[What the task asks]:
Please transcribe the data below in full, word for word, without the images.

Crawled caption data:
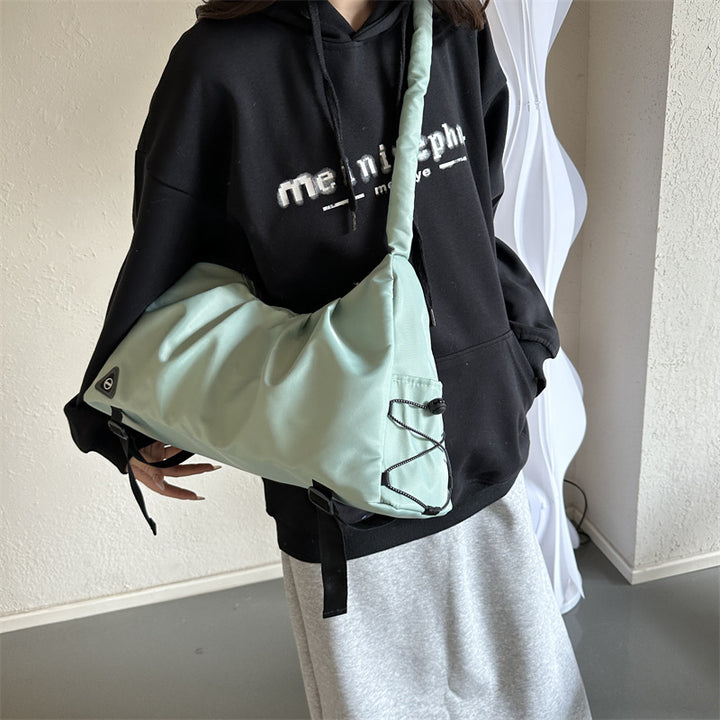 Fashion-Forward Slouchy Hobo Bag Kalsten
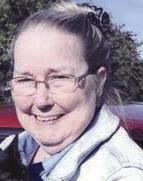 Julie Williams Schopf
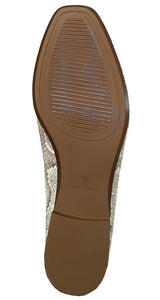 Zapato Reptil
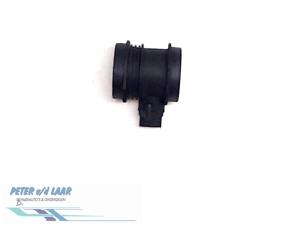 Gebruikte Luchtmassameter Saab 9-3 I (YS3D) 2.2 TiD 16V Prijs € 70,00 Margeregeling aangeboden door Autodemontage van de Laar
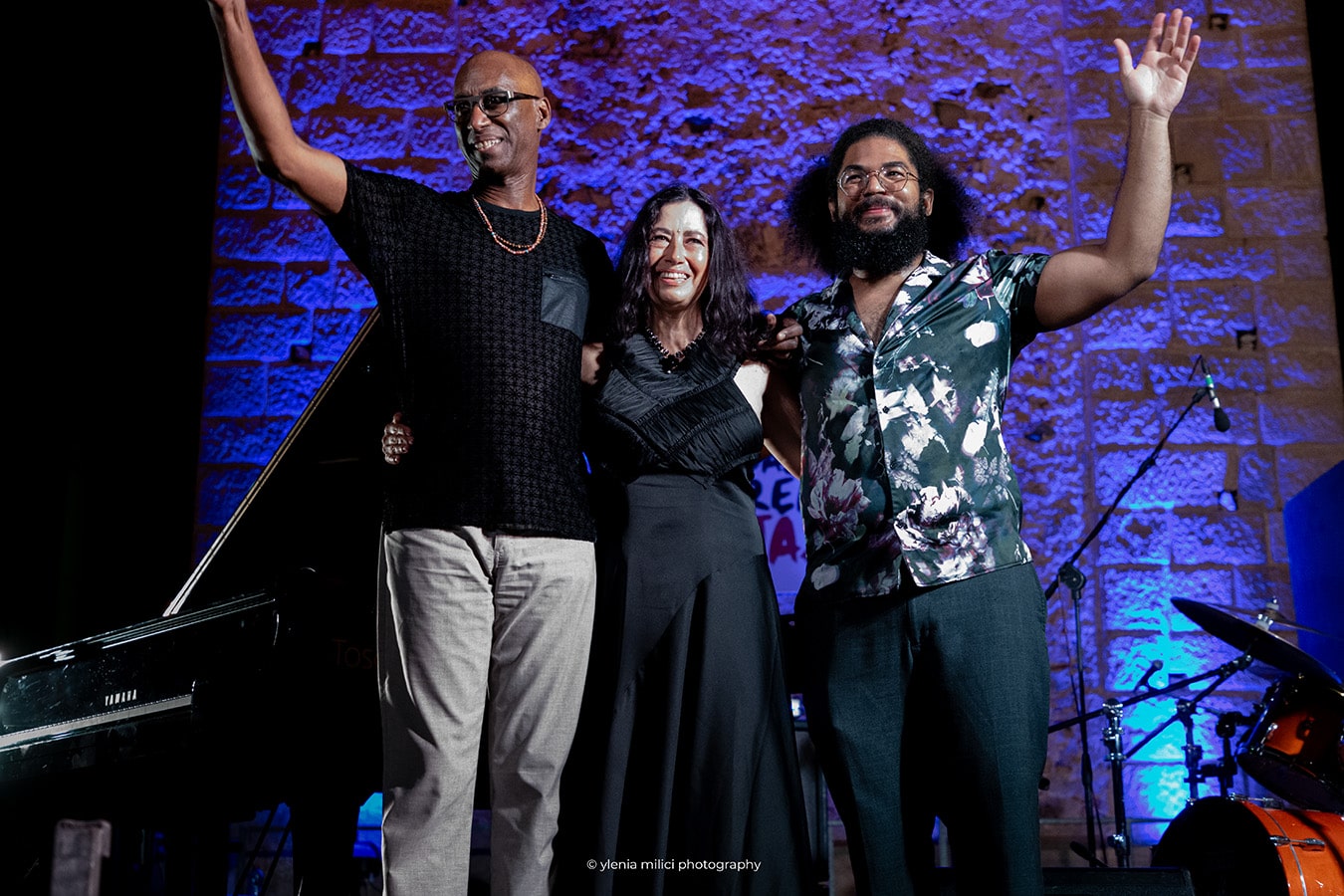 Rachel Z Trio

[Response]:
 Fashion-Forward Slouchy Hobo Bag Kalsten
 Julie Williams Schopf
 Zapato Reptil
 Gebruikte Luchtmassameter Saab 9-3 I (YS3D) 2.2 TiD 16V Prijs € 70,00 Margeregeling aangeboden door Autodemontage van de Laar
 Rachel Z Trio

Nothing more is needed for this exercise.